DEFENDANT'S RESPONSES AND OBJECTIONS TO PLAINTIFF'S FIRST SET OF INTERROGATORIES RELATING TO JURISDICTIONAL DISCOVERY

Pursuant to Rule 33 of the Federal Rules of Civil Procedure, Smithfield Foods, Inc. ("SFD") states its responses and objections to Plaintiff's First Set of Interrogatories Relating to Jurisdictional Discovery ("Interrogatories") as follows:

GENERAL OBJECTIONS

1. SFD objects to the Interrogatories to the extent they require information reflecting conduct or circumstances prior to January 1, 1997, or after January 31, 2001. The Department of Justice ("DOJ") has alleged that the first cause of action accrued on June 28, 1998, and that SFD was in violation of the relevant statute from June 26, 1998, through October 1, 1998. DOJ has alleged that the second cause of action accrued on December 8, 1999, and that SFD was in violation of the relevant statute from December 8, 1999, to January 12, 2001. Therefore, Interrogatories requesting information regarding conduct or circumstances prior to January 1, 1997, or after January 31, 2001, seek information that is irrelevant and such Interrogatories are overly broad, unduly burdensome, and not reasonably calculated to lead to the discovery of admissible evidence in determining whether or not SFD is amenable to jurisdiction in this district.

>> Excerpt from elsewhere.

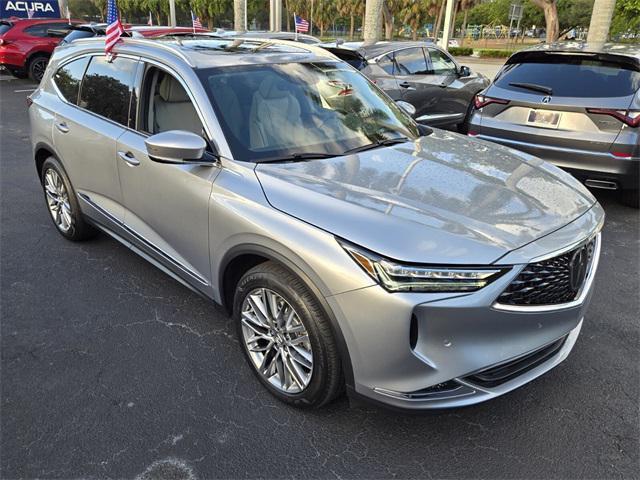 used 2023 Acura MDX car, priced at $49,966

2. SFD objects to the Interrogatories to the extent they require information or responses regarding companies other than The Smithfield Packing Company, Incorporated ("Packing"), Gwaltney of Smithfield, Ltd. ("Gwaltney"), and the Smithfield Companies, Inc. ("Smithfield Companies"), and their subsidiaries, or SFD. DOJ has not alleged that other companies are amenable to personal jurisdiction in the District of Columbia. Therefore, to the extent an interrogatory relates to companies other than Packing, Gwaltney, Smithfield Companies and their subsidiaries or SFD, such interrogatory seeks information that is irrelevant and such interrogatory is overly broad, unduly burdensome, and not reasonably calculated to lead to the discovery of admissible evidence in determining whether or not SFD is amenable to jurisdiction in this district. Further, SFD objects to the Interrogatories to the extent they relate to Smithfield Companies, which was acquired by SFD on July 31, 2002, after the alleged causes of action accrued and after the periods DOJ alleged SFD was in violation of the relevant statute. To the extent an interrogatory relates to the Smithfield Companies, such interrogatory seeks information that is irrelevant and is overly broad, unduly burdensome, and not reasonably calculated to lead to the discovery of admissible evidence in determining whether or not SFD is amenable to jurisdiction in this district.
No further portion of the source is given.